The impending departure of Jerome Powell as Federal Reserve Chair could grant President Trump substantial influence over global monetary policy, according to financial analyst Nigel Green of deVere Group.
Powell’s term expires in May 2026, but market expectations are already shifting focus toward Trump’s potential appointee.
Green suggests that Trump would likely select a Fed chair aligned with his economic priorities, potentially leading to more aggressive interest rate cuts than Powell’s cautious approach. The president has previously criticized the Fed’s pace of policy easing, indicating his preference for quicker action to support economic growth.
The transition process has already begun with Trump’s nomination of Stephen Miran to replace outgoing Governor Adriana Kugler. Should Powell step down early from his board position, Trump could directly fill that seat, accelerating the shift in Fed leadership.
Historical precedents in Japan and Britain demonstrate how leaders can engineer central bank transitions well before official term endings. Markets typically price in such changes early, meaning Powell’s influence could diminish rapidly once investors anticipate Trump’s preferred successor.

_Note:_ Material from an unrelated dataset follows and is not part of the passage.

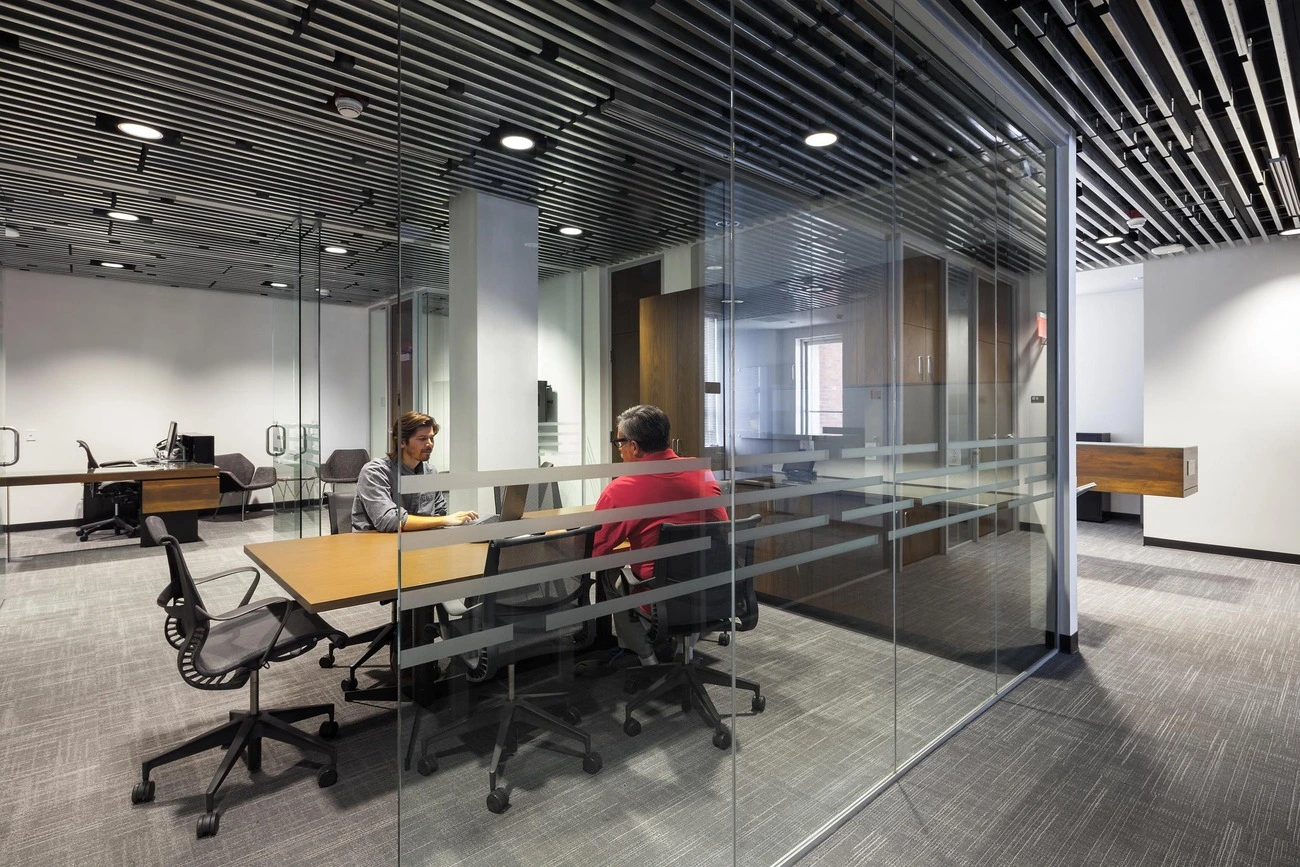 مكتب شؤون الطلاب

A Trump-influenced Fed could mean lower interest rates, a weaker dollar, and rising equity markets, along with renewed interest in cryptocurrency investments. However, Green warns this approach risks overheating the economy and reviving inflation pressures while potentially undermining the central bank’s independence.
The implications extend beyond U.S. borders, as Federal Reserve decisions affect borrowing costs worldwide for governments, corporations, and investors. Changes in U.S. monetary policy typically trigger ripple effects across global currencies, commodities, and capital flows.